The purpose of this study was to survey African American College students' perceptions of racial preferences and Affirmative Action in making admissions decisions at a predominantly White university. 422 questionnaires were sent out to African American College students at a large, urban, public, comprehensive research university in the southern region of the United States. 400 questionnaires were completed for a response rate of 95%. The data revealed that a majority of the respondents felt that race preferences should be used in making admission decisions at predominantly White colleges and universities. More significantly, 315 (79%) and 85 (21%) of all the respondents strongly agreed or agreed that Affirmative Action should continue as part of admissions decisions.
Affirmative Action is a phrase that has its roots in centuries of old English administrative practice to ensure justice for all (Skrentny, 1996). According to Skrentny, the English (British) administration, as the king at the time saw it, was favoring just a section of the masses and others who were equally contributing to the up keep of the king. Engelbert Ssekasozi (1999) who affirms this historical argument says the people in the empire began to complain to their immediate supervisors and the core of the British (Empire) administration got wind of the injustices. However, both authors failed to give in-depth analysis of this historical argument.

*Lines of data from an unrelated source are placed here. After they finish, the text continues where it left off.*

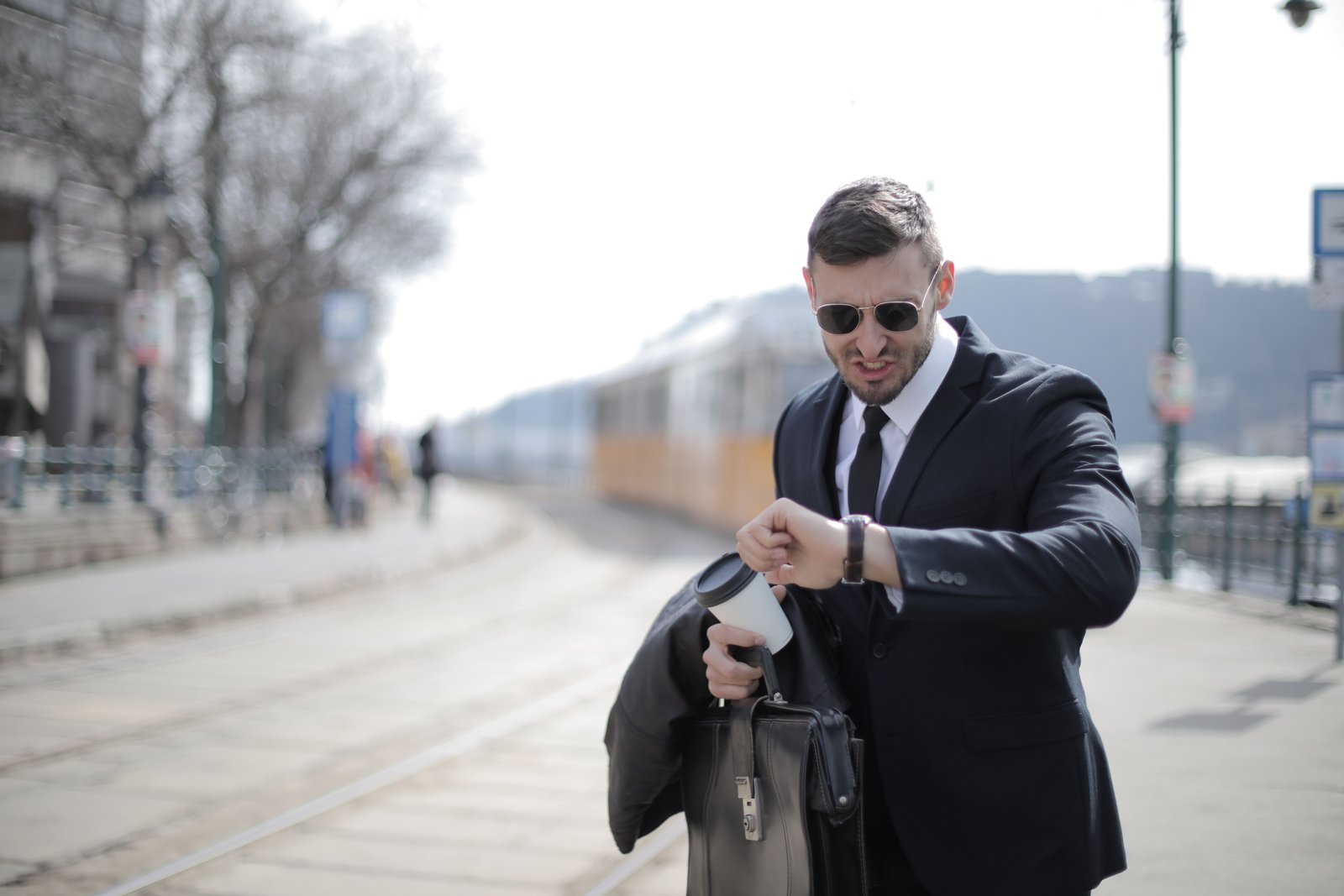 Geschäftsmann in Anzug mit Sonnenbrille und Koffer am Bahnhof, schaut auf Uhr.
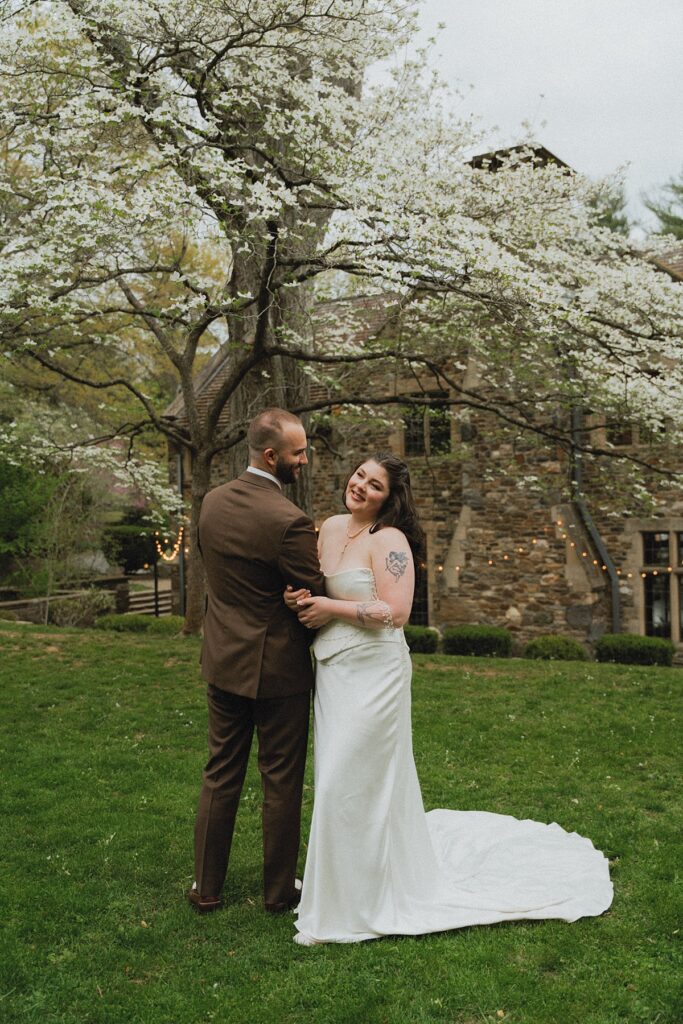 ridley creek mansion wedding photos display newlyweds beneath a flowering tree at Parque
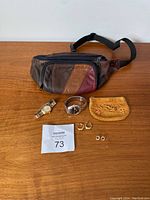 Full view of the entire lot on wooden surface including fanny pack, watches, coin purse, and earrings.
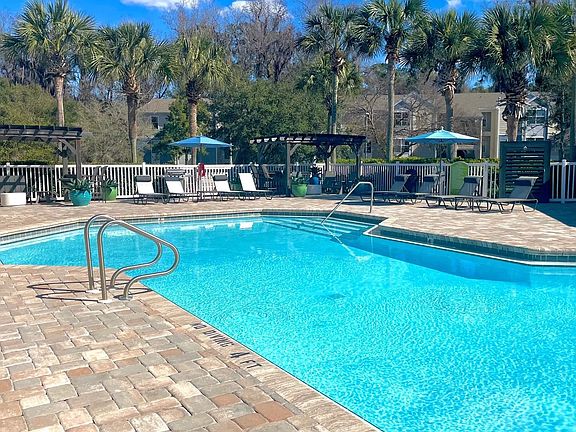 A sparkling resort-style pool invites endless summer days and carefree moments.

In the United States existing literature on Affirmative Action is not clear on its origin and the precise date when Affirmative Action started is still a conundrum. Nevertheless most of the literature pin the origin of Affirmative Action in the United States from 1935. Skrentny (1996) and Tomasson, Crosby, and Herzberger (2001) believe that this, Affirmative Action, basic legal English concept that opposes rigid legal rules that produces harsh results found its way into American administrative system in 1935. The phrase, Affirmative Action, they contend appeared as part of the National Labor Relations Act of 1935 (See Dept. of Labor fact sheet, 9517). As they put it, Affirmative Action meant, "that an employer who was found to be discriminating against union members or union organizers would have to stop discriminating, and also take Affirmative Action to place those victims where they would have been without the discrimination" (Skrentny 1996, p.6). Oral historical tradition also has it that Affirmative Action caught the attention of the American administration during World War 11 when the former Soviet Union detected that the U.S. Army was not reflective of the population Prior to the 1960s Affirmative Action seemed to play well within labor organizations, White America never complained that Affirmative Action was a bad public policy. It became a controversial policy when the Civil Rights movement used it to demand equal justice for minorities or all Colored people in America.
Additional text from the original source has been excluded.